Interviewed by the talented Margarette Driscoll, he talked about the house in the Scottish borders where he and his artist wife and their daughters of 12 and 10 decamp during the school holidays.
“My wife and I both had childhoods in Scotland and my daughters were then nine and seven,” said the comic (probably best-known for his uncannily accurate Tony Blair impersonations). “… I wanted them to have 10 years of that kind of childhood, where the biggest delight of the day is playing in the stream or having a Greggs sausage roll on the way back from some pony rally or other and not spending their lives immersed in iPods and make-up.”
I reckon he’s on to something, especially during an age where one in 10 children have their own mobile phone by the age of five and the rest of us are glued to our computers and phones night and day.
We went to the fantastic Bill’s in Oxford last night to celebrate my husband and son doing a 100-mile sportive on their bikes. We got a table by the window with a glorious view of the Oxford Union and found ourselves sitting next to a couple with two young sons. Hmmm, I know it’s nothing to do with me but I couldn’t help noticing that the man spent almost the entire meal mesmerised by his iPhone.

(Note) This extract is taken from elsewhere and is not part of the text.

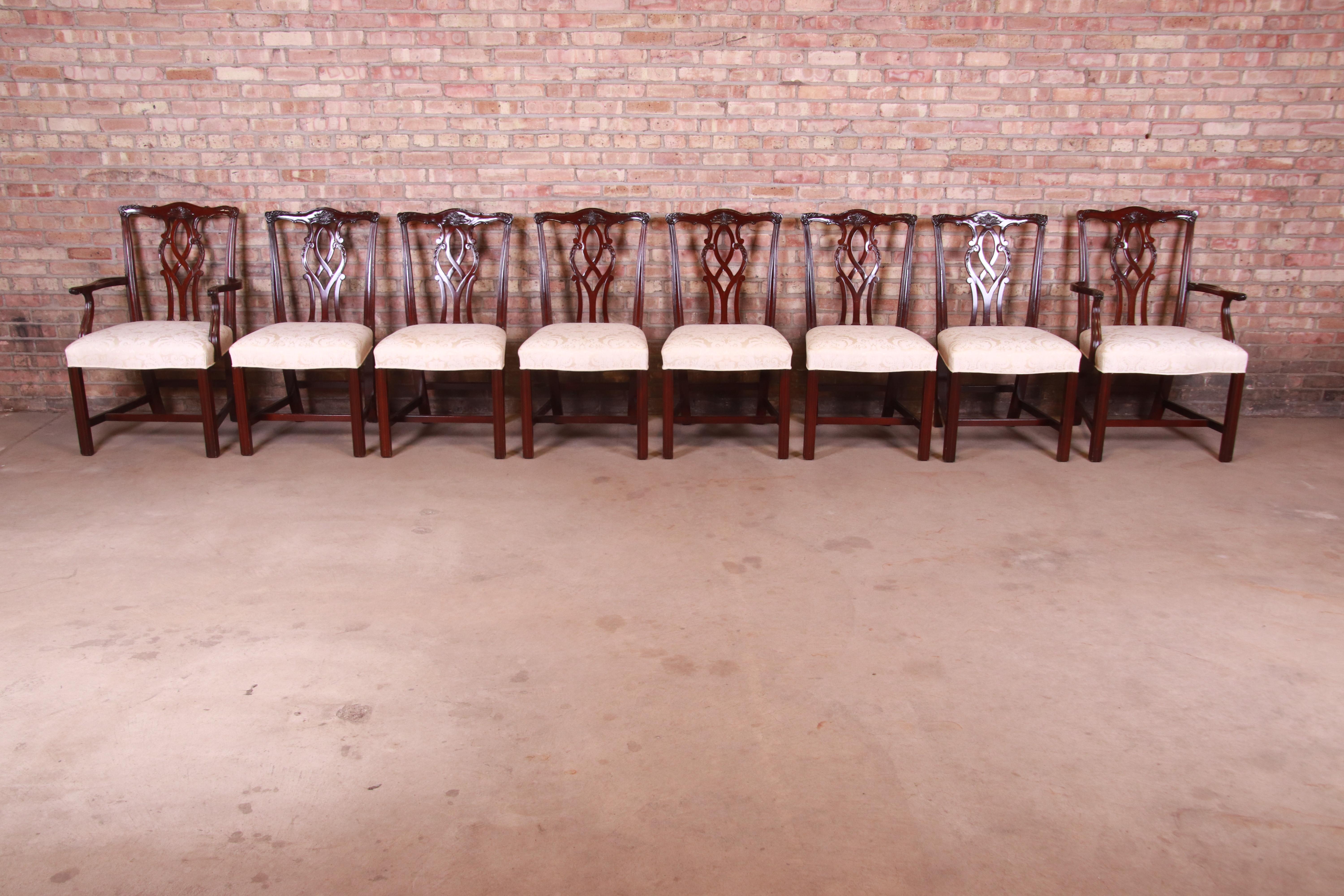 American Kindel Furniture Chippendale Mahogany Dining Chairs, Set of Eight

But interestingly, it was my 19-year-old son, a child of the technology age himself, who was the most shocked. He then proceeded to tell us about a father and son he had sat next to on the bus back from London a couple of days earlier.
“He was such a good dad,” said my son. “The little boy asked him question after question, most of them completely random, and the dad was so patient. He answered every single one without ever sounding bored or fed up. And he didn’t look at his phone once.”